Cette persistance de Google dans son refus d'appliquer le droit européen apparaît aussi dans le caractère cosmétique des modifications apportées en matière de cookies.
Au moment où la procédure de sanction est engagée, 7 cookies étaient déposés sur son terminal dès que l'utilisateur accédait au site. Sur la page Google.fr, un bandeau s'affichait en pied de page, intitulé "Rappel des règles de confidentialité de Google". L'internaute avait alors le choix entre deux boutons, l'un intitulé "Me le rappeler plus tard", l'autre "Consulter maintenant". Le malheureux qui souhaitait "consulter" prenait alors connaissance d'un texte qui ne mentionnait ni les règles de confidentialités annoncées ni la possibilité de refuser les cookies. Pour parvenir à ces informations, il devait aller au bout d'une longue fenêtre de texte, surtout ne pas cliquer sur un des liens hypertextes proposés, et finalement choisir de cliquer sur un bouton "Autres options". Bien peu d'internautes devaient avoir cette patience ou cette curiosité.

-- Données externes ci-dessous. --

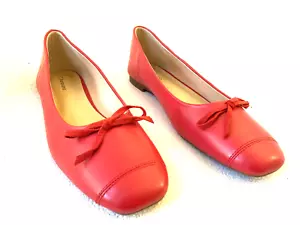 Ballerine C. Paravano Elana Bowknot rosse, pelle, punta quadrata, US 9,5, nuove senza scatola - Foto 1 di 13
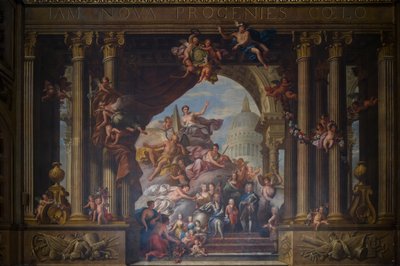 Zachodnia ściana Sali Malowanej, ok. 1707-27 (malarstwo ścienne) autorstwa James Thornhill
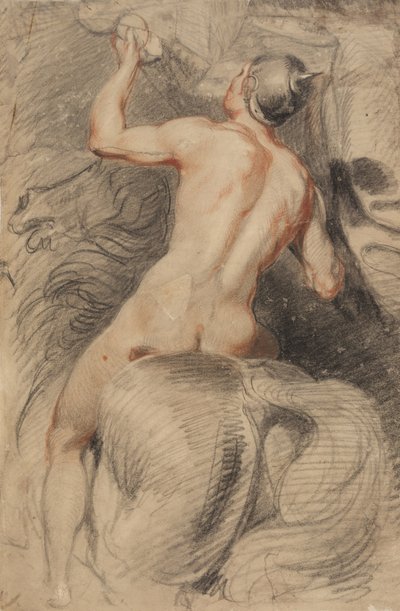 後ろから見た乗馬のライダー 作： Giuseppe (1568 1640) Cesari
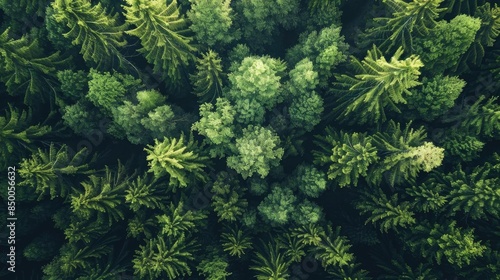 Aerial view of a dense forest with lush green trees, showcasing the natural beauty and serenity of the wilderness from above.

Après l'engagement d'une procédure de sanction, Google a fait connaître sa volonté d'améliorer les choses. Depuis septembre 2020, l'internaute arrivant sur Google.fr voit s'ouvrir une fenêtre intitulée "Avant de continuer". Avec une information très succincte sur les cookies, deux boutons sont de nouveau proposés, l'un sobrement intitulé "J'accepte", l'autre proposant "Plus d'informations". Hélas, le Conseil d'État observe que les indications fournies n'explicitent toujours pas la finalité des cookies et ne disent toujours rien sur les moyens de s'y opposer.
Ce rappel très détaillé montre que la mauvaise volonté de Google et son refus de se plier au droit européen et français sont des éléments permettant au Conseil d'État de juger de la proportionnalité de la sanction. De même le juge valide-t-il sans davantage d'interrogation, la décision de la CNIL de rendre publique sa sanction.
Les sanctions contre Google commencent à s'accumuler, 100 millions d'Euros le 7 décembre 2020, puis 150 millions le 31 décembre 2021 pour les mêmes motifs de gestion des cookies. Le recours contre cette seconde sanction semble bien délicat si l'on considère le résultat du premier.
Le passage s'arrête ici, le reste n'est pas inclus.